Information supplied ->
--- --- ---
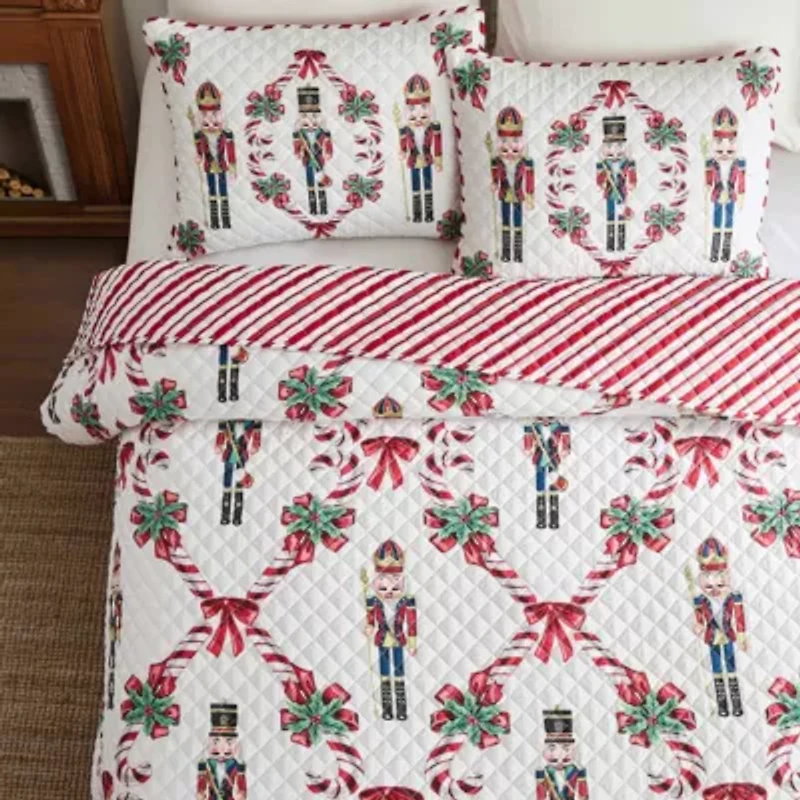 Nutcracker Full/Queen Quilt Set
--- --- ---
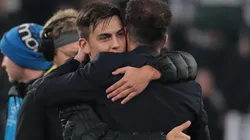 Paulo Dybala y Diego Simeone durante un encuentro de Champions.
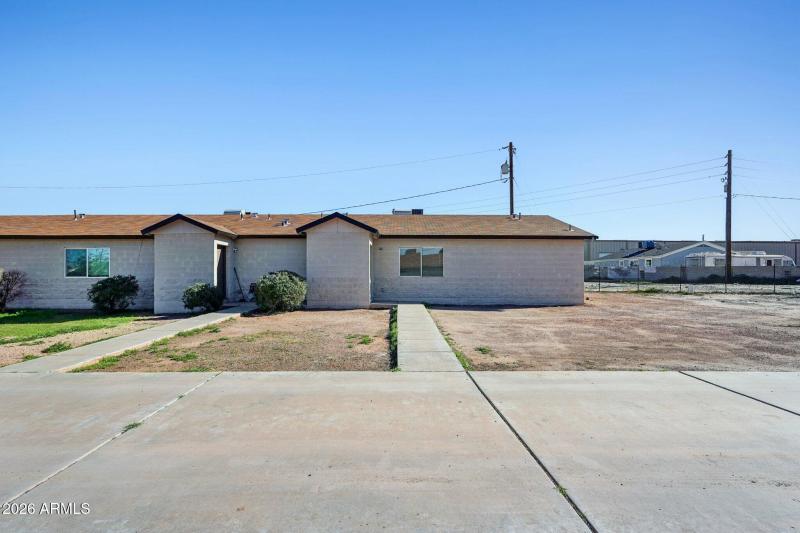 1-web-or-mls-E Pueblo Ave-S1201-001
--- --- ---
Problem to work on ->
Give exactly the lines above that run from the line with "Paulo Dybala y" to the line with "1-web-or-mls-E Pueblo Ave-S1201-001", both included, leaving every picture out.

Result of this exercise ->
 Paulo Dybala y Diego Simeone durante un encuentro de Champions.
 1-web-or-mls-E Pueblo Ave-S1201-001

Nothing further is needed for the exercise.